I think there are a few things for me to be aware of when dealing with these issues.
First is Timing. Is it the best time to bring up the issue? When everyone is scrambling to get out the door or a friend is over. When you are tired and annoyed. I need to choose a time when we are alone and calm.
Second is tone. Even if I am making a valid point, it’s not a good plan if I am being mean or argumentative.
Jenna: Mom, can I wear my paint-stained sweats today?
Me: Not on your life! Those belong in the garbage! Do you want everyone at school to think you are a hobo?
Matters like this call for gentleness on my part. I can lead my kids and train them without being harsh or rude. I found some direction in Proverbs for this one.
Proverbs 15:1
A gentle answer turns away wrath, but a harsh word stirs up anger.
Proverbs 25:15
Through patience a ruler can be persuaded, and a gentle tongue can break a bone.
Sometimes I am just lashing out at my kids or nagging them so they won’t be a poor reflection on me or because I am annoyed. I need to take these verses to heart which means they’ll end up on my fridge.
This topic especially hits home for me with Jenna. She is a wild child. She is a lot like me and we butt heads because of it. I want to her to be lady-like. But she’s a girl. I don’t want her to look back and remember my words with pain or regret. It’s a tough line to walk between training them to have manners and grooming habits and breaking their spirits. Why would I want to break her of this?

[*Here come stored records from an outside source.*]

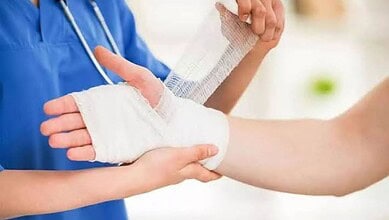 Medical professional bandaging a patient's hand in a clinical setting.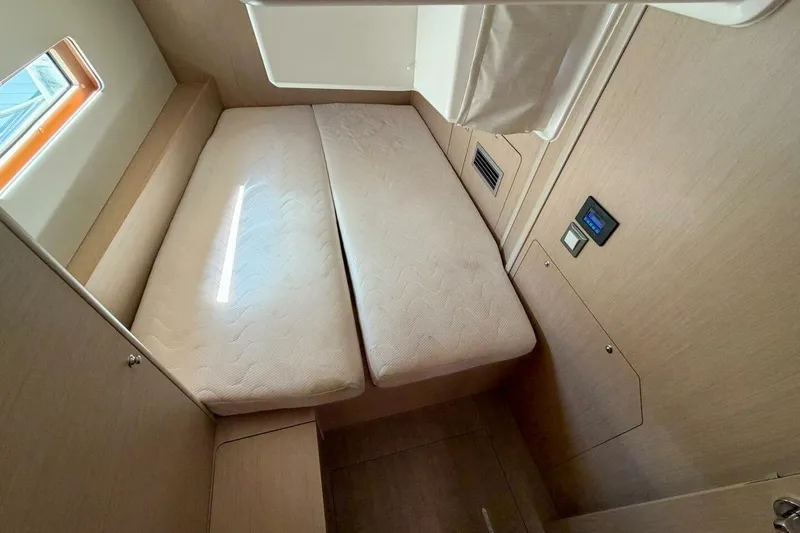 Slide: The Image of Interior cabin of 2022 Beneteau Oceanis 40.1 yacht, featuring a cozy bed and modern design. - 18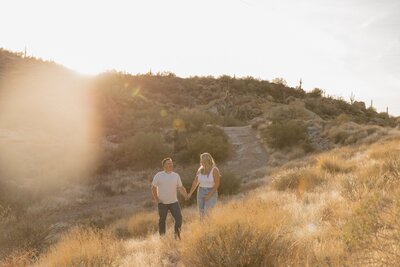 couple hold hands in arizona desert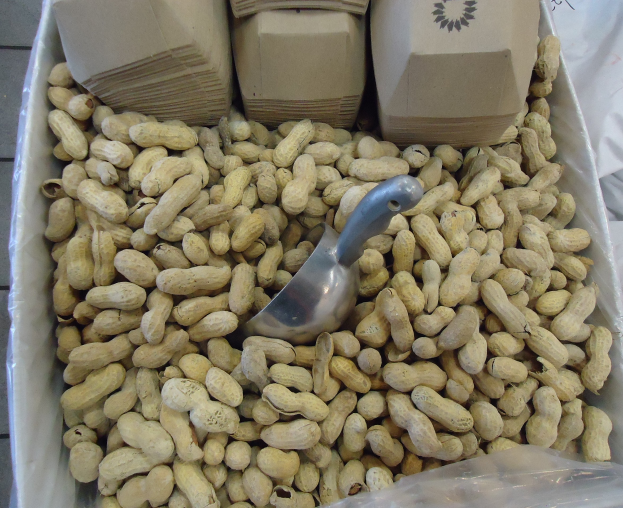 Eine Schachtel Erdnüsse auf einem Tisch mit einer Plastikabdeckung und einem Löffel daneben, umgeben von anderen verstreuten Erdnussboxen.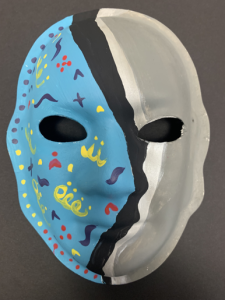 Unmasking Brain Injury mask painted with blue, gray, black and white with yellow, black and red pattern on the blue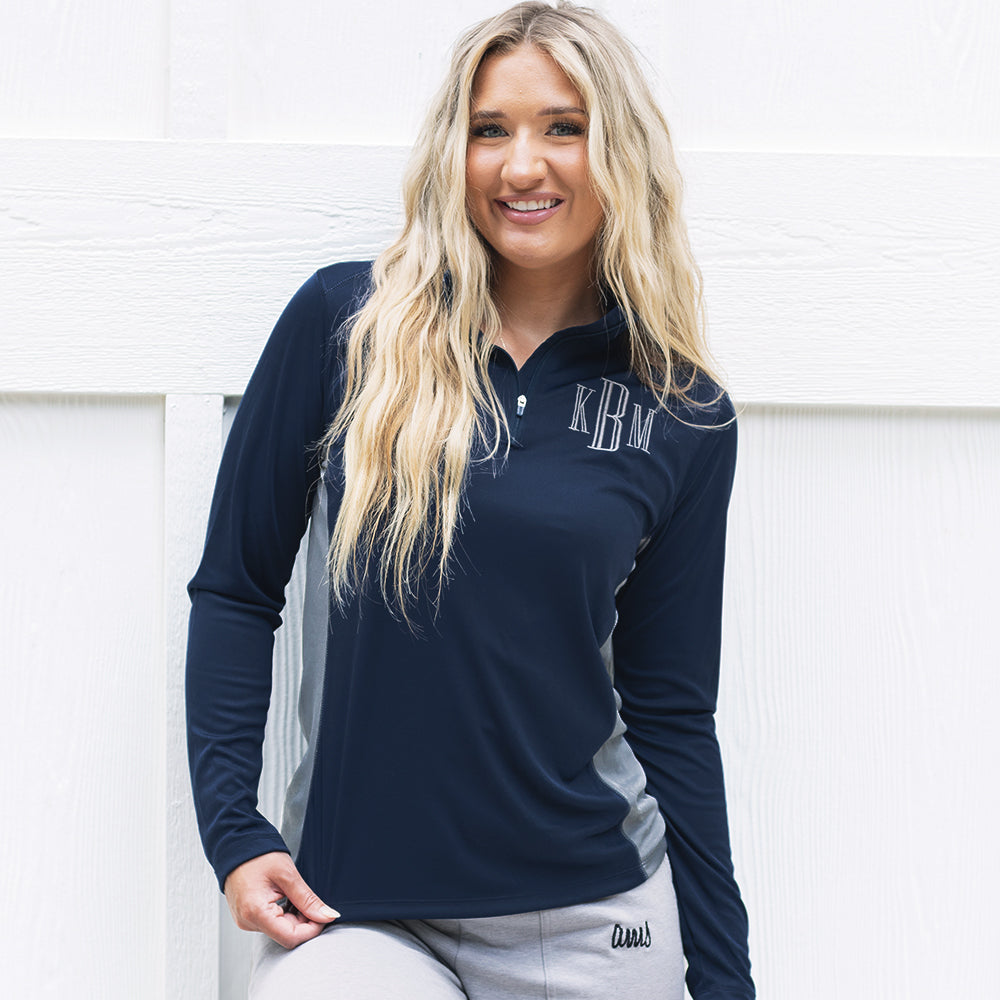 girl wearing monogrammed quarter zip pullover in navy and grey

The running free with messy hair and bare feet are part of who God made her to be. And part of growing up. And part of a fun childhood. I need to watch what I say. I want to be sure that my words are reflecting the love that is in my heart for them. The love is great and I want them all to know that without a doubt.
Ephesians 4:29
Do not let any unwholesome talk come out of your mouths, but only what is helpful for building others up according to their needs, that it may benefit those who listen.
Psalm 19:14
May the words of my mouth and the meditation of my heart be pleasing in your sight, O Lord, my Rock and my Redeemer.